Apalagi jamnya cukup stabil. Membaca jam kuantum tidak seperti membaca jam klasik. Tindakan menggunakannya untuk menentukan waktu akan memicu fenomena kuantum yang berlawanan dengan intuisi: gangguan pengukuran. Anda dapat mengamati jam setiap hari tanpa mempengaruhi waktu yang dilaporkan, seperti halnya seorang petugas polisi dapat mencatat kecepatan mobil Anda tanpa Anda sadari (karenanya adanya tilang). Tetapi sistem kuantum lebih rumit daripada sistem sehari-hari. Jika Anda mengukur sistem kuantum – atau berinteraksi dengannya dengan cara lain – Anda mengganggunya, mengubah keadaannya. Jika Anda mengukur energi sistem, kemungkinan besar Anda akan mengubah energinya.

Membaca waktu di luar jam kuantum tidak akan mengganggu ketepatan waktu jika jamnya ideal. Tetapi jam yang tidak sempurna akan menurun seiring penggunaan, mengurangi kemampuan kita untuk membedakan instan. Anda mungkin juga melihat jam kakek melalui kacamata yang semakin kabur: jam 6 akan menyatu menjadi 5,59 dan 6,01, lalu menjadi 5,58 dan 6,02. Gangguan juga menghalangi kemampuan jam untuk memulai proses, seperti gerbang logika dalam perhitungan, pada waktu yang diinginkan.

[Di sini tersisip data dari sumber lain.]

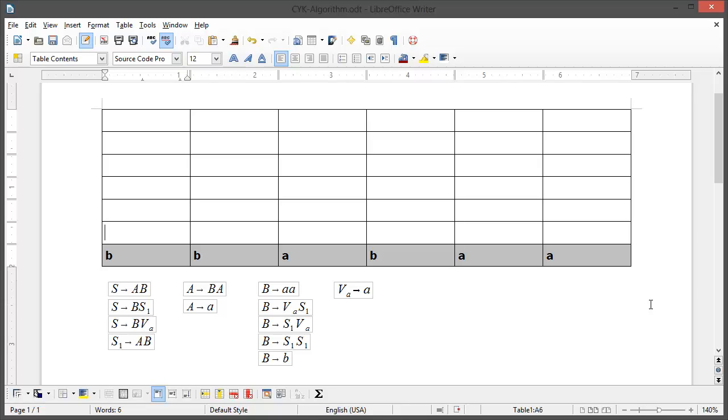Hello and welcome to my tutorial on the CYK algorithm. The CYK algorithm is used to determine whether a word is part of a context-free grammar. To do this you need the context-free grammar in the Chomsky normal form. I'm not going to show you how to get this form but I'll provide some links below the video to help you with that. So let's get started.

Seberapa baik jam Mischa, Ralph, dan Jonathan dapat bertahan dari gangguan seperti itu? Tidak terlalu buruk, bisa dibilang, jika menyalurkan rekan-rekan saya yang berbasis di Inggris. Bayangkan menumbuhkan jam – menambahkan partikel ke dalamnya, meskipun tidak terlalu banyak partikel sehingga jam kehilangan sifat kuantumnya. Semakin besar jam, semakin besar ketahanannya. Dan memberi sedikit memberi Anda banyak: seiring bertambahnya waktu, ketahanannya tumbuh secara eksponensial.

Sejauh ini, sifat seperti itu tetap teoretis, dan para ilmuwan kesulitan untuk membangun bahkan komputer kuantum yang dikendalikan secara eksternal, apalagi yang otonom. Tetapi kontrol eksperimen atas sistem kuantum telah berkembang pesat selama tiga dekade terakhir dan tidak menunjukkan tanda-tanda melambat. Akankah jam otonom memungkinkan komputer kuantum dan mesin lain beroperasi secara independen? Apakah diukur pada jam kuantum atau jam sehari-hari, waktu akan memberi tahu.